The report, The Future Global Reserve System - An Asian Perspective, says that while the US dollar will remain the leading currency of international exchange for now, a rebalancing in the global economy means that in the future, a wider range of currencies will need to be used to settle trade and investment.

'Our current global reserve system, unfortunately, is not functioning too well,' ADB President Haruhiko Kuroda said in a message in the report. 'That means, more than ever, we need to work together both globally and regionally to find solutions—however gradually implemented—that will bring about a workable reform of the global reserve system.'

There is no single alternative to the US dollar as the world's reserve currency. The Greek debt crisis has exposed the euro's lack of a solid sovereign backbone. The yen is Asia's most internationally accepted currency but its reserve status has declined recently. The yuan, the currency of the fast expanding economy of the People's Republic of China, may well become a reserve currency sooner than most anticipate but for now, cannot fill the role.

The report is the result of an ADB-financed study by 17 internationally renowned monetary experts led by Jeffrey Sachs, Director of the Earth Institute and ADB Chief Economist Jong-Wha Lee. It describes the strengths and weaknesses of the current system, the case for cooperation in bringing about reform, and the increasing role Asia must play in making this happen.

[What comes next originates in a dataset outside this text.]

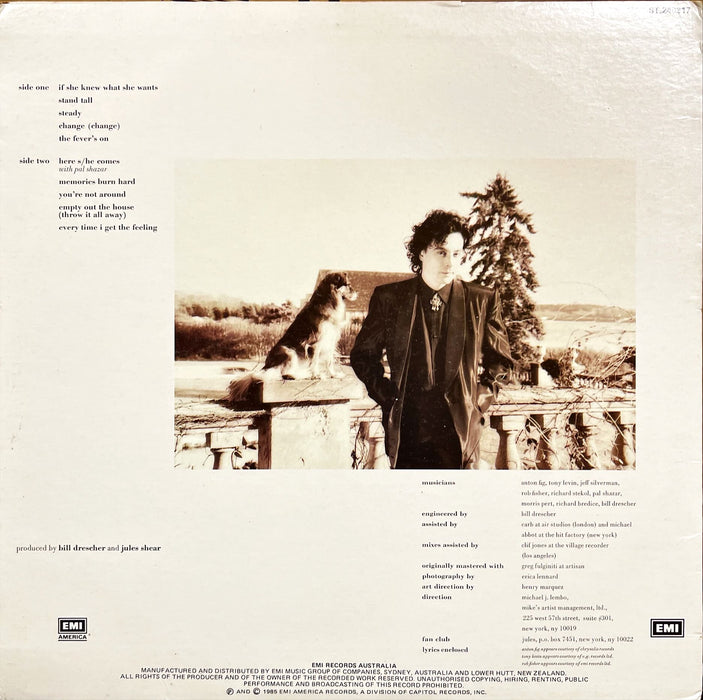 Jules Shear - The Eternal Return (Vinyl LP)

Reforming the global reserve system has huge implications for Asia. The region holds close to half of the world's total foreign exchange reserves and is highly dependent on international trade and capital flows for its growing prosperity.

'The dollar-based reserve system has been fraying for years,' said Joseph Stiglitz, a Nobel laureate and a contributor to the report. 'A new global reserve system is absolutely essential if we are to restore the global economy to sustained prosperity and stability. But achieving this is not easy.'

The report recommends that with Asia's growing economic clout, the region should increase economic integration and policy coordination to smooth the transition to a multi-currency reserve system.

Exchange rate and monetary policy coordination needs to be stepped up and there need to be formal mechanisms for economic consultation and surveillance between regional and global institutions. Regional foreign exchange reserves must be more actively deployed through swap lines, special drawing rights and other types of borrowing so there is no repeat of the recent credit crunch.

The report also suggested that given the failure to develop globally binding agreements on climate change, a portion of the revenue that a country receives through seignorage could be used to help their region tackle climate change. Seignorage refers to the profits resulting from the difference in cost of printing money and the face value of the money.

On a global level, the report recommends a stronger set of capital market rules be devised given the failure of the financial system to police itself, and regularly gathering international monetary experts to discuss current account imbalances and thus avoid unnecessary friction between countries on issues such as trade or varying exchange rate regimes.